(RECORDS SHOWN begins)

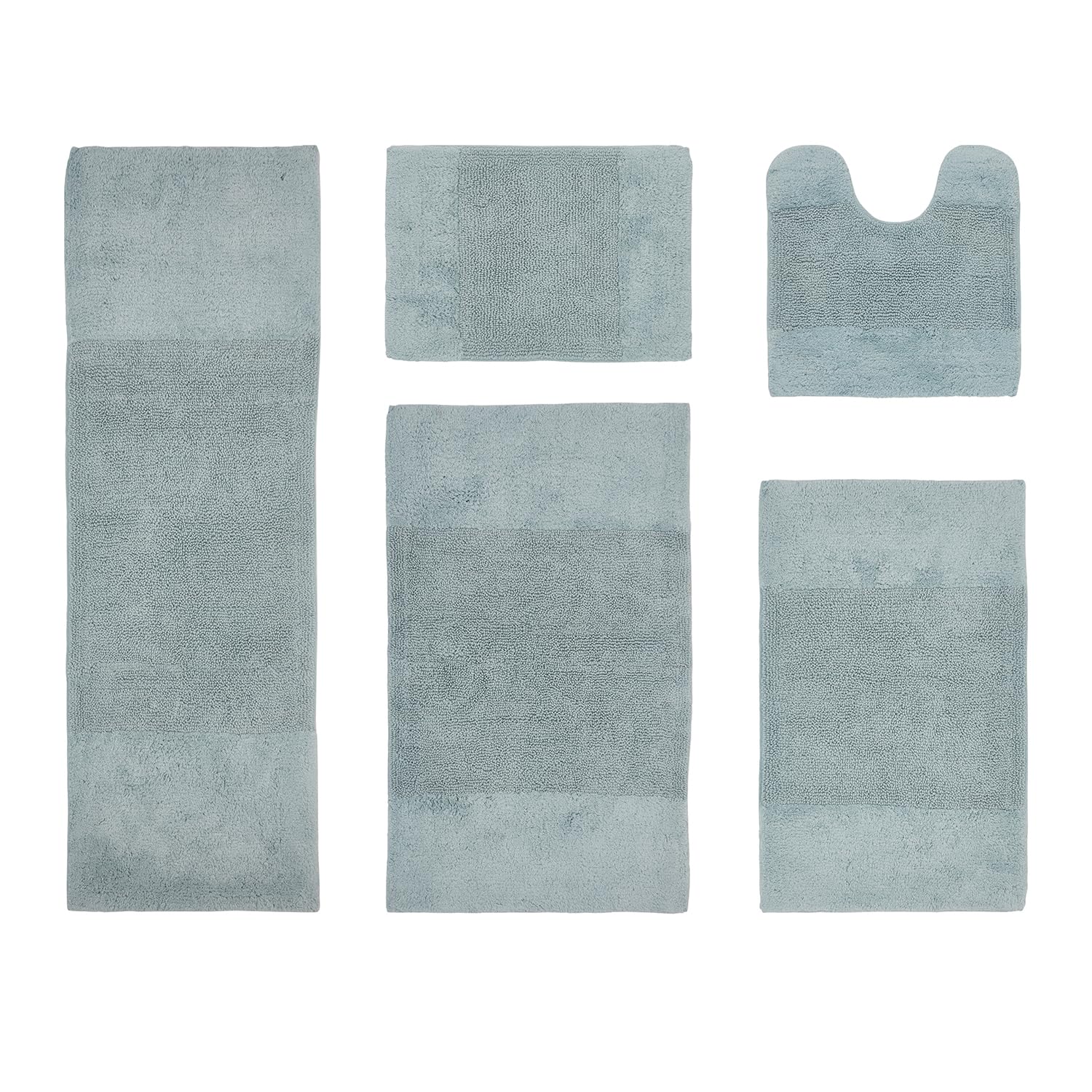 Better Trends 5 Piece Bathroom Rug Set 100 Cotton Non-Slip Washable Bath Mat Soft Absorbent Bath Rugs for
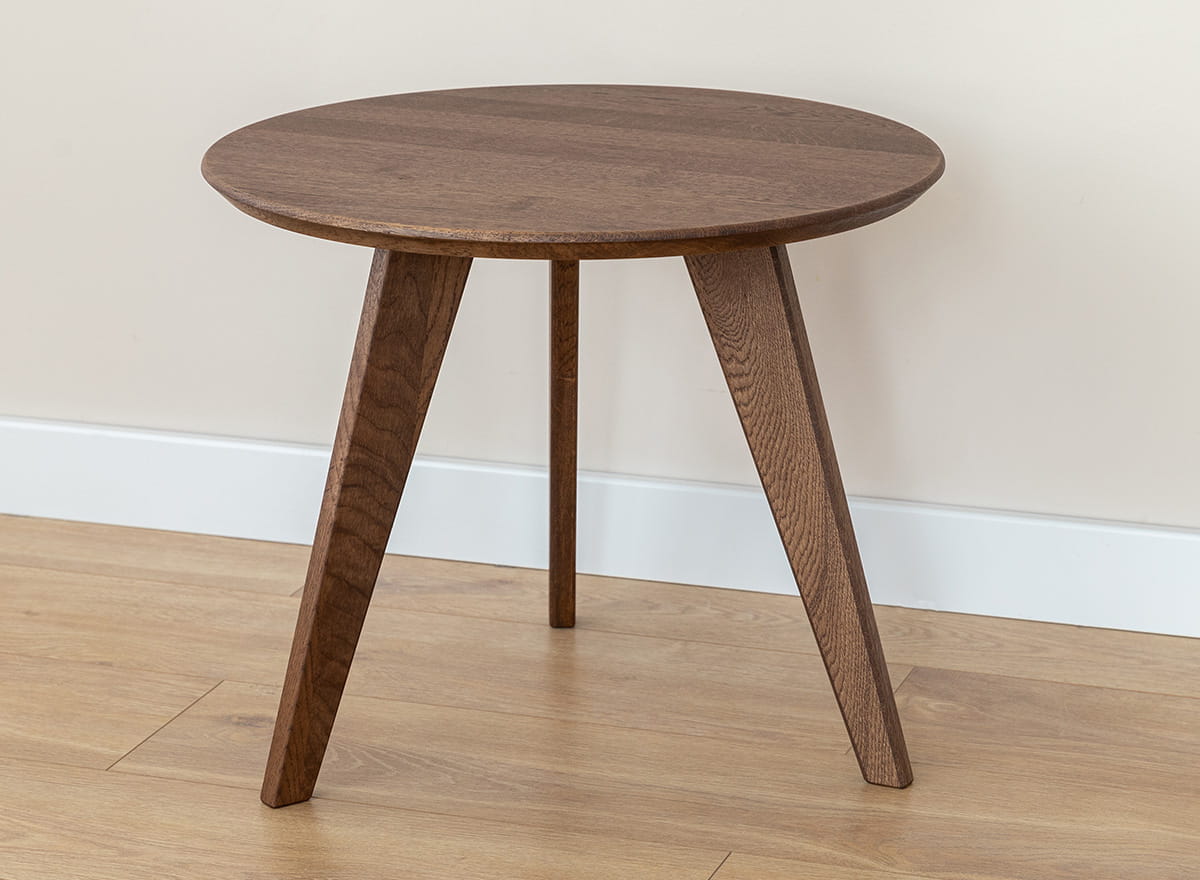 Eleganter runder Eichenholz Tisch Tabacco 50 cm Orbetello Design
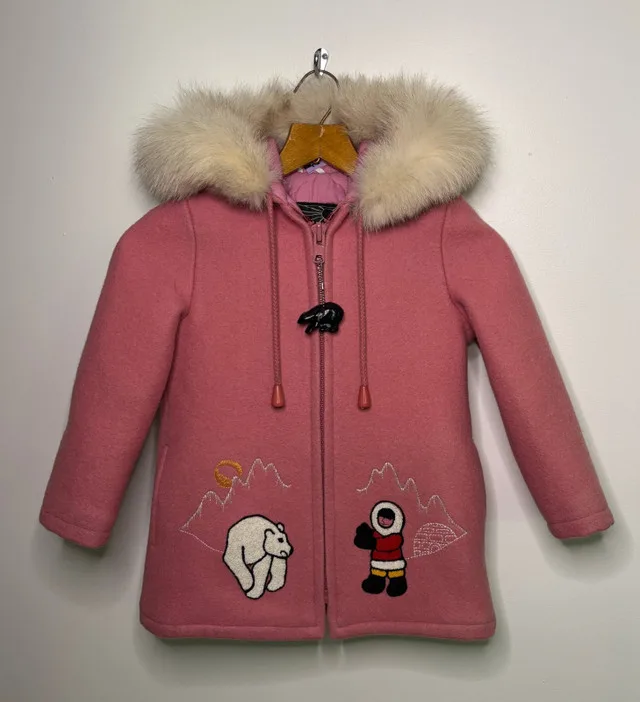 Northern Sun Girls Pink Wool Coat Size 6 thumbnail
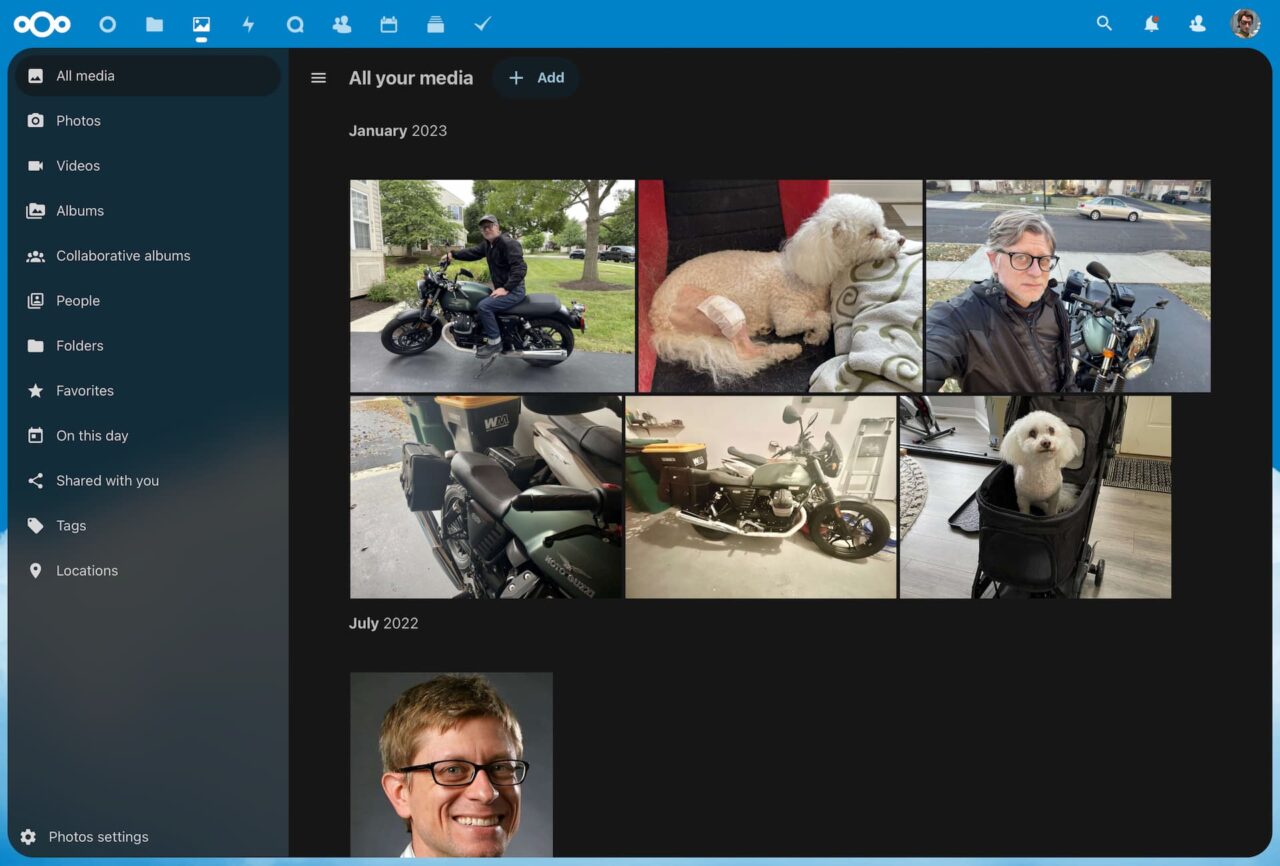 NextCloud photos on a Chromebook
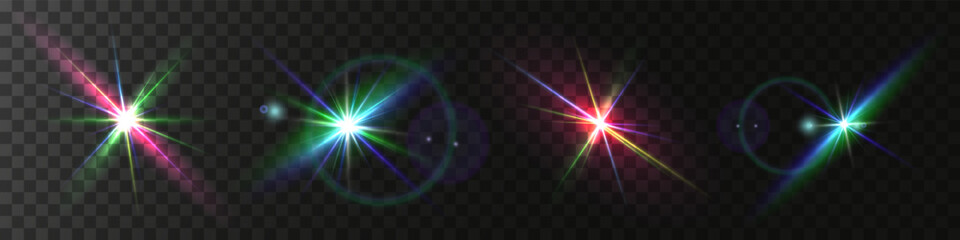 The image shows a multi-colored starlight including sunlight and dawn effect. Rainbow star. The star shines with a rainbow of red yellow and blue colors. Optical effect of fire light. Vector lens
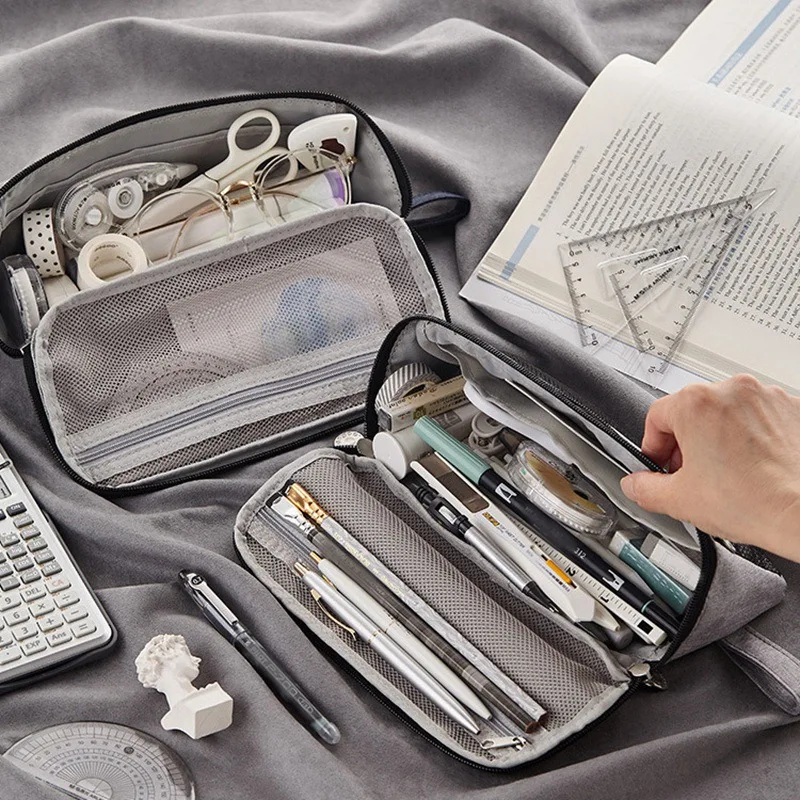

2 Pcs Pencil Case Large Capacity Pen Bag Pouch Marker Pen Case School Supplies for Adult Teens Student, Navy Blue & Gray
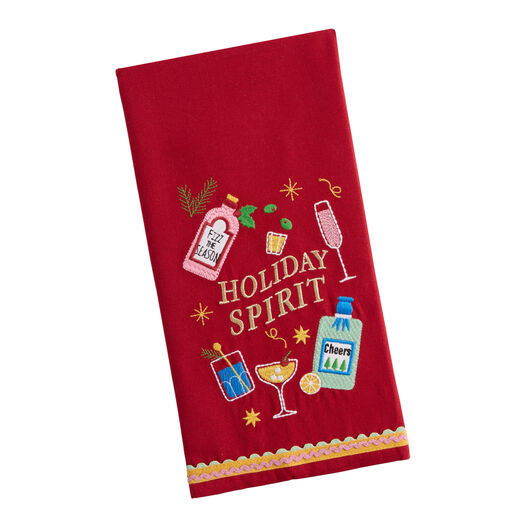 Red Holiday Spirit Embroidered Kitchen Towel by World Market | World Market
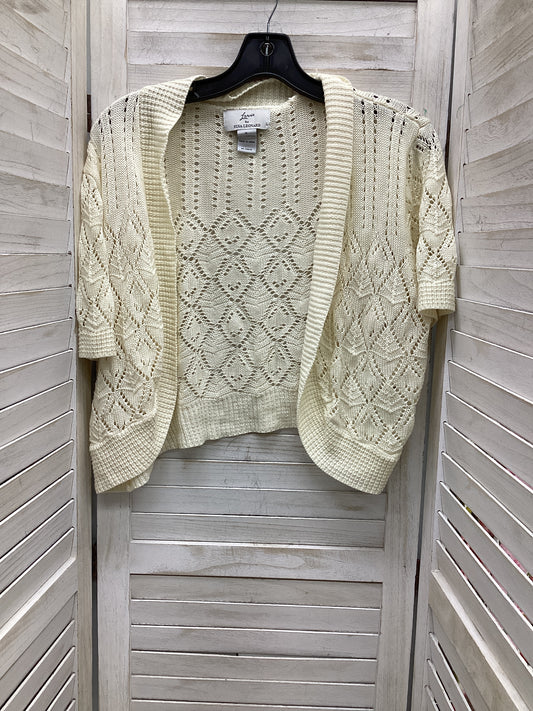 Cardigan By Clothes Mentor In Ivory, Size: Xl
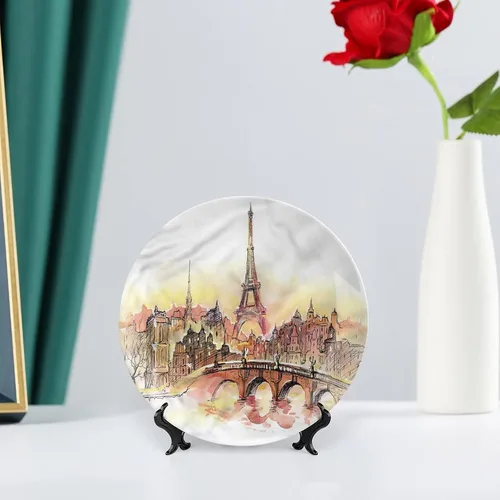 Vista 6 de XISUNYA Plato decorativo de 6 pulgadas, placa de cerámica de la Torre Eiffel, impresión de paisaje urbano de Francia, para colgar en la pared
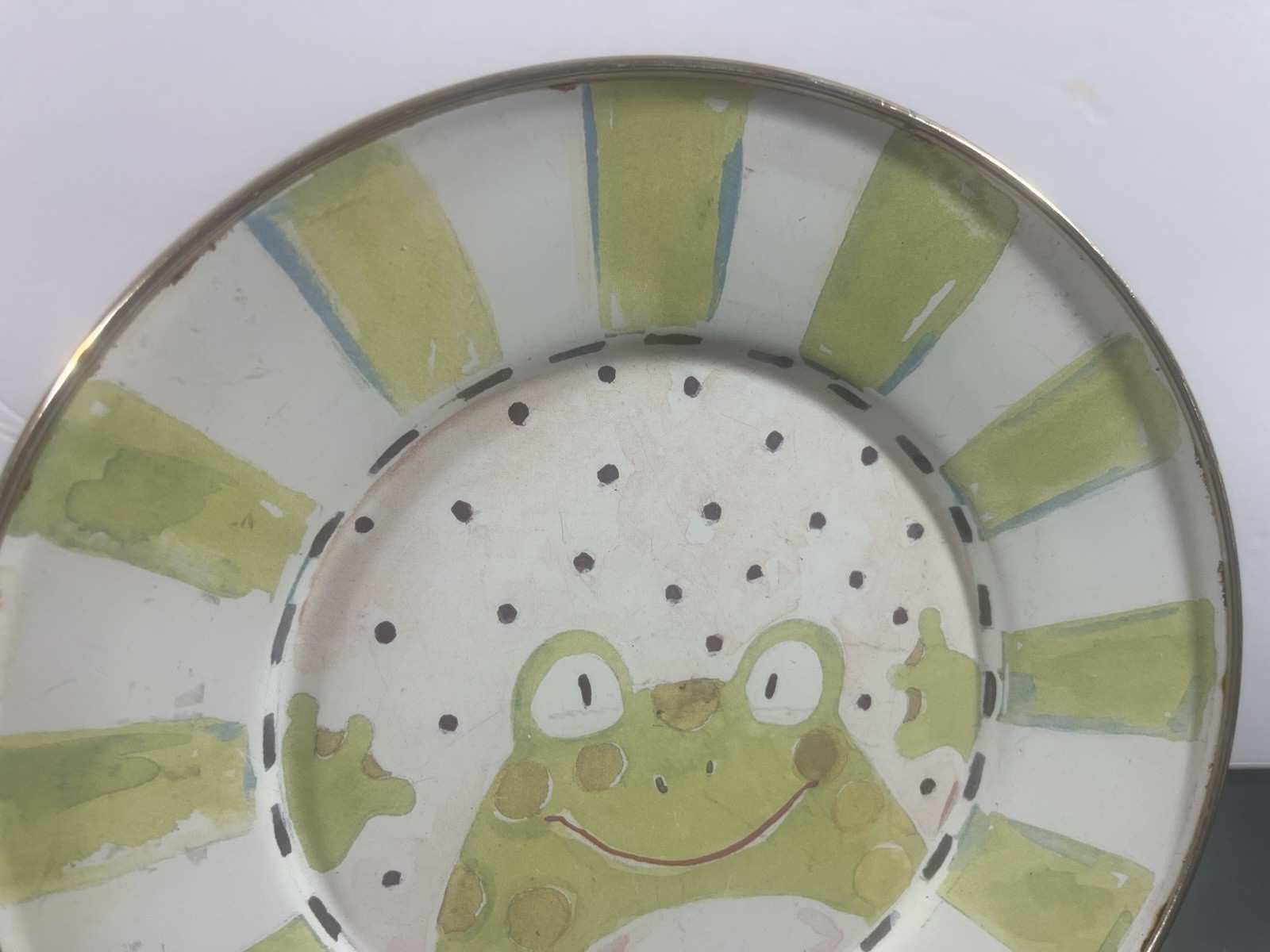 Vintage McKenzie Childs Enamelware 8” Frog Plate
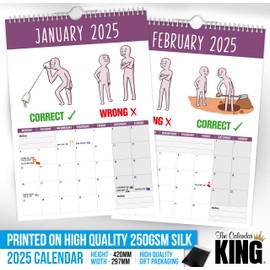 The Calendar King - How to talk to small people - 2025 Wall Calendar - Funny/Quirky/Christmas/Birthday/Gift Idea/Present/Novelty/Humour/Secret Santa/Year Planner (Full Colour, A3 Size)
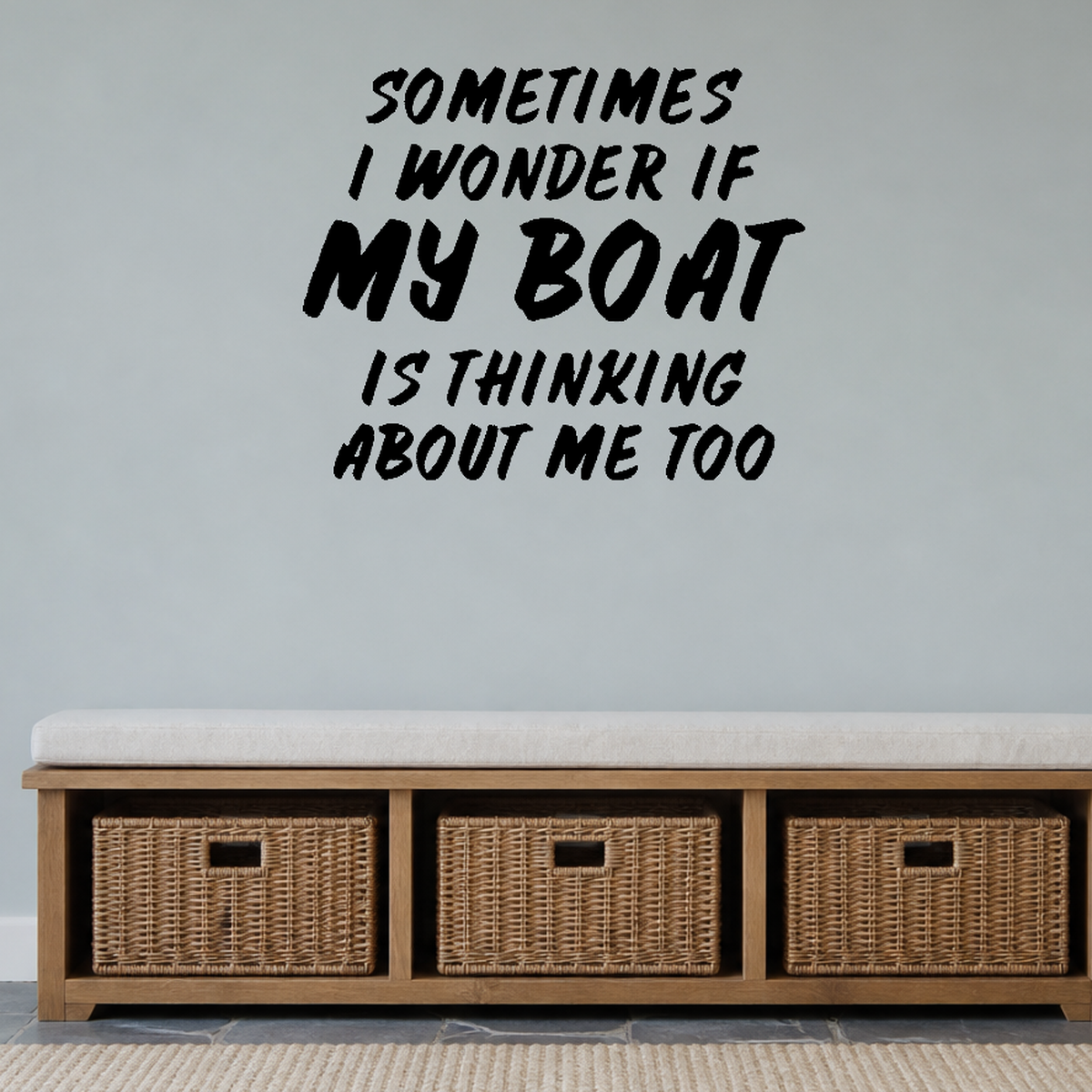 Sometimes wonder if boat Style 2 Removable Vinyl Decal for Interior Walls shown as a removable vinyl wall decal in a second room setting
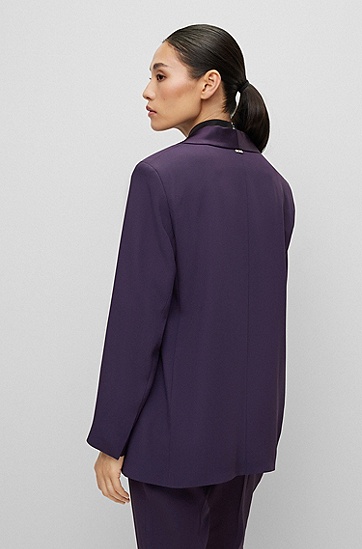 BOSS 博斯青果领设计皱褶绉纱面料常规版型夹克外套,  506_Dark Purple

(RECORDS SHOWN ends)

**EXERCISE GOAL:**
Repeat exactly the lines above, beginning at the one containing "2 Pcs Pencil" and ending at the one containing "Vintage McKenzie Childs". Do not carry over any pictures.

**PROBLEM SOLUTION:**
2 Pcs Pencil Case Large Capacity Pen Bag Pouch Marker Pen Case School Supplies for Adult Teens Student, Navy Blue & Gray
 Red Holiday Spirit Embroidered Kitchen Towel by World Market | World Market
 Cardigan By Clothes Mentor In Ivory, Size: Xl
 Vista 6 de XISUNYA Plato decorativo de 6 pulgadas, placa de cerámica de la Torre Eiffel, impresión de paisaje urbano de Francia, para colgar en la pared
 Vintage McKenzie Childs Enamelware 8” Frog Plate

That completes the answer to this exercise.